Amyotrophic lateral sclerosis (ALS) is a fatal neurodegenerative disease with three described forms: The abundant, sporadic ALS (sALS) with approximately 90% of cases, the familial ALS (fALS) with 5-10%, and the very rare juvenile ALS (jALS) group, which is statistically less relevant. The wobbler mouse, a model for sALS, has been in the focus of research for many decades. Due to symptoms strongly resembling the human ALS pathology, the α-motor neurons (αMN) have received the most attention. With regard to pathological cellular processes, particularly those of impaired axonal transport, neuronal tissues in general should be examined.
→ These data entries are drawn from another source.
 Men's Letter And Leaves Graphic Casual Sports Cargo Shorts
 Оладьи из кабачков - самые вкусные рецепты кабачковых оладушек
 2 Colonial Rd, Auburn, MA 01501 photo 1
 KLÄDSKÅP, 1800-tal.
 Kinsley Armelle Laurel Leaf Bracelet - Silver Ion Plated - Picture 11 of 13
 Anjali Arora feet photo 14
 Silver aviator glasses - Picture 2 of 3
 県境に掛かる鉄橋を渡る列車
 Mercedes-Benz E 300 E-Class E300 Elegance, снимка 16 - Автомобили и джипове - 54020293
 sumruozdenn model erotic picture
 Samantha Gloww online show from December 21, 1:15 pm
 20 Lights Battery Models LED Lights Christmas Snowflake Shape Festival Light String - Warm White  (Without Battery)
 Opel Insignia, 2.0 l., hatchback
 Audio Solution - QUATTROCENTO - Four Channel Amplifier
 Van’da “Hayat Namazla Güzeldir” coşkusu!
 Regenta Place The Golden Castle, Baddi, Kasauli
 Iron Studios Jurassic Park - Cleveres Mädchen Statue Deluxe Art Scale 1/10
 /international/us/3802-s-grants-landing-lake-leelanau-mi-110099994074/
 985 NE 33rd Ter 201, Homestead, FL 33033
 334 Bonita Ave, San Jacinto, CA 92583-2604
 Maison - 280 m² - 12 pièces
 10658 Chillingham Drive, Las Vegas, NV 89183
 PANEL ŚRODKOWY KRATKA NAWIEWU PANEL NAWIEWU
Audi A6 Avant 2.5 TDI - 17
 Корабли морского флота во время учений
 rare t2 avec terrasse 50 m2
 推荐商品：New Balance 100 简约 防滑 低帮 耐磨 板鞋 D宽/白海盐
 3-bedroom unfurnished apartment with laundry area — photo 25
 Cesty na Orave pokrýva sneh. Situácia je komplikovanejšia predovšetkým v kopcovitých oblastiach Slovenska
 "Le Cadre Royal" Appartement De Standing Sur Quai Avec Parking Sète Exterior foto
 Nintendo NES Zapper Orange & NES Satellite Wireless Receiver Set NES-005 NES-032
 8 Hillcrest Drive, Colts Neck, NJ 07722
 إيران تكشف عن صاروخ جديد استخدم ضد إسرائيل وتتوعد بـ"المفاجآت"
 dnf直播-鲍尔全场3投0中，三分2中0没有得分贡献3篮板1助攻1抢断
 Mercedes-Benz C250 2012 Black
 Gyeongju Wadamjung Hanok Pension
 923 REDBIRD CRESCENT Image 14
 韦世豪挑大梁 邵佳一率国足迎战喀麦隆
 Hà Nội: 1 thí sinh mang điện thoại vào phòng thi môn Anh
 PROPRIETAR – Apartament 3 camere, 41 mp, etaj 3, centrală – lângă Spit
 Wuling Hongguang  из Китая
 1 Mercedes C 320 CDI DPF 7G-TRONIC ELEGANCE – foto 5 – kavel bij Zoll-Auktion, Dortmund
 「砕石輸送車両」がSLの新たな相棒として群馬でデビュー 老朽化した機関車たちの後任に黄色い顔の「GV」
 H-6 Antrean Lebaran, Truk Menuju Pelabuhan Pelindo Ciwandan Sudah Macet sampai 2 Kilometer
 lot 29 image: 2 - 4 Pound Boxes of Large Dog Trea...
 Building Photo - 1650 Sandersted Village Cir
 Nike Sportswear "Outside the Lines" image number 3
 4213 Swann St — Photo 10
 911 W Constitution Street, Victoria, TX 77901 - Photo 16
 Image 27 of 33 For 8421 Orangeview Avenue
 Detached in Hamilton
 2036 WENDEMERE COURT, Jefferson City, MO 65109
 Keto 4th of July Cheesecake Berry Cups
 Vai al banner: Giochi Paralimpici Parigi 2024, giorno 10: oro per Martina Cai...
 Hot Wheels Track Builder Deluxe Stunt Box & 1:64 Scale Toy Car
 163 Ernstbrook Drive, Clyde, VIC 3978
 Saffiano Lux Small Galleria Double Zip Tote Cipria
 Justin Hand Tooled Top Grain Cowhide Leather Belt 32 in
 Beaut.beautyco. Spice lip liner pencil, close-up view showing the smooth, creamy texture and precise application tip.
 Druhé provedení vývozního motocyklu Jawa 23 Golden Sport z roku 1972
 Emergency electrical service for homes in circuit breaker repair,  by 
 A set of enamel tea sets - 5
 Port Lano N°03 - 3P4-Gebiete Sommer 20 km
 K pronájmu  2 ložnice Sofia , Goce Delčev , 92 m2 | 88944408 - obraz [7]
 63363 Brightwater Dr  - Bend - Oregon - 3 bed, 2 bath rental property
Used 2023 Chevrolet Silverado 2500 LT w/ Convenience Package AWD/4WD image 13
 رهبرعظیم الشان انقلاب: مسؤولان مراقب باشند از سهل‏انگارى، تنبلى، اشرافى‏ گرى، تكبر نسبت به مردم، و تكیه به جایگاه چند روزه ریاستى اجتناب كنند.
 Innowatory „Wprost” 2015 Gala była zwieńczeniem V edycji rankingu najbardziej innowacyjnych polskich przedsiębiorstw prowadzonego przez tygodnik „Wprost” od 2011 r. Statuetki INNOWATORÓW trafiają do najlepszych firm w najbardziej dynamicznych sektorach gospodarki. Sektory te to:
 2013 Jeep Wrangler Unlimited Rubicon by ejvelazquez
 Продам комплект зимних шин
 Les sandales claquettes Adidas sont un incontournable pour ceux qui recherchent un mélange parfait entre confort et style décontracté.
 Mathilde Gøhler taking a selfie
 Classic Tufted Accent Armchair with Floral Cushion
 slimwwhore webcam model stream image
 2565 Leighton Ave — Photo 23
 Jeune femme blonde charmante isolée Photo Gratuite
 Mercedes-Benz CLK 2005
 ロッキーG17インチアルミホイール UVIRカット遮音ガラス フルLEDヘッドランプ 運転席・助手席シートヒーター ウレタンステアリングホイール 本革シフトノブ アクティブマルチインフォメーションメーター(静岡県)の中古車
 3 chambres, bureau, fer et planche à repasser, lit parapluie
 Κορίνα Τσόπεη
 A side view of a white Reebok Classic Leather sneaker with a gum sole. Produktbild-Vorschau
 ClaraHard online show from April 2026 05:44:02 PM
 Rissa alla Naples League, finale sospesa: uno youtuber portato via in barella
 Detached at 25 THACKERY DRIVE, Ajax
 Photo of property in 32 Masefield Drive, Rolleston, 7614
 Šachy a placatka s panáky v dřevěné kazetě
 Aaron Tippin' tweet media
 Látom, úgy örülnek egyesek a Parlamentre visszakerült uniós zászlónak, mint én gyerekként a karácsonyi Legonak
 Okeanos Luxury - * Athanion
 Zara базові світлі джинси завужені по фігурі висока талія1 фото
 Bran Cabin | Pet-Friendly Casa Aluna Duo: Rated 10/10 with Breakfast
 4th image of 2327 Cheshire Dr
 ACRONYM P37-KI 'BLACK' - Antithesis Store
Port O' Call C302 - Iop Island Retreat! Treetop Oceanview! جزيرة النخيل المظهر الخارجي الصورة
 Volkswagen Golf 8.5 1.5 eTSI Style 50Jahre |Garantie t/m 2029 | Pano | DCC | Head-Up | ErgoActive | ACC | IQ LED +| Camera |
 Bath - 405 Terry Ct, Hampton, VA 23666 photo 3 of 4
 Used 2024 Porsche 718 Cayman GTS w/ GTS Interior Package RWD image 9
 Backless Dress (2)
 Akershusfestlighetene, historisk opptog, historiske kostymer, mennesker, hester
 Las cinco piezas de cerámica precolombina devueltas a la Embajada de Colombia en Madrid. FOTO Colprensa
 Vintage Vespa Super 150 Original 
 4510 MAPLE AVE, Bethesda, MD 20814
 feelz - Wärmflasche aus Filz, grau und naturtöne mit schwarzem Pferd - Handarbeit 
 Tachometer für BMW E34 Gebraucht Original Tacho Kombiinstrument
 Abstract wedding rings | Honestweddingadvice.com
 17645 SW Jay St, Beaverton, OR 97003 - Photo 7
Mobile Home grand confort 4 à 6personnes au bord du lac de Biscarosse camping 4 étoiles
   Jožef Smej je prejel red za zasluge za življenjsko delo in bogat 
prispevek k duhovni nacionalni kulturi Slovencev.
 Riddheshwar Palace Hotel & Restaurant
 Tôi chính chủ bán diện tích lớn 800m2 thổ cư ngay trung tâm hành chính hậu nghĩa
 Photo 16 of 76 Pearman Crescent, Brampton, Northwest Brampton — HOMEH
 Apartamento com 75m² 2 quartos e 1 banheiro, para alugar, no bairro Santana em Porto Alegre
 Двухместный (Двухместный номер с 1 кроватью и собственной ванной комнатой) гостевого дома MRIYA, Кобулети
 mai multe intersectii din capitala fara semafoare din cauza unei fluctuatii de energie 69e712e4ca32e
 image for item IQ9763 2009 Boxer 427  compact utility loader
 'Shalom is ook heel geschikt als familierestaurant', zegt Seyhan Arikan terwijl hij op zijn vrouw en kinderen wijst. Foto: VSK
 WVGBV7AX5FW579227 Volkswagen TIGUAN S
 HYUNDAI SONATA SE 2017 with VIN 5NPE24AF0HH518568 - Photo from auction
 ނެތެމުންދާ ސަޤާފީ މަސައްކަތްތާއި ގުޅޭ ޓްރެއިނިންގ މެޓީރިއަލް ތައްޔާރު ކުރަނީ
Dorsal root ganglia (DRG) cells are equipped with extremely long axons. Thus, we expected them to be an excellent target for analyzing the cellular mechanisms underlying the disease. In this study, an analysis of the distribution of heavy neurofilaments (NfH) in the perikarya and peripheral nerves of dorsal root ganglia cells from wobbler mice was performed. Here, we demonstrate that sensory neurons are also affected in wobbler mice during the progression of the disease, showing signs of degeneration like those described in the αMN. Furthermore, a highly impaired distribution of neurofilaments and a high number of phosphorylated heavy neurofilaments (pNfH) were observed, not only in large light neurons (LLN), but also in the small dark neurons (SDN) of wobbler mouse DRGs. The accumulation of pNfH in DRG as well as the loss of NfH in their axons are promising links to studies promoting high levels of pNfH in the cerebrospinal fluid (CSF) as an early hallmark of ALS in humans.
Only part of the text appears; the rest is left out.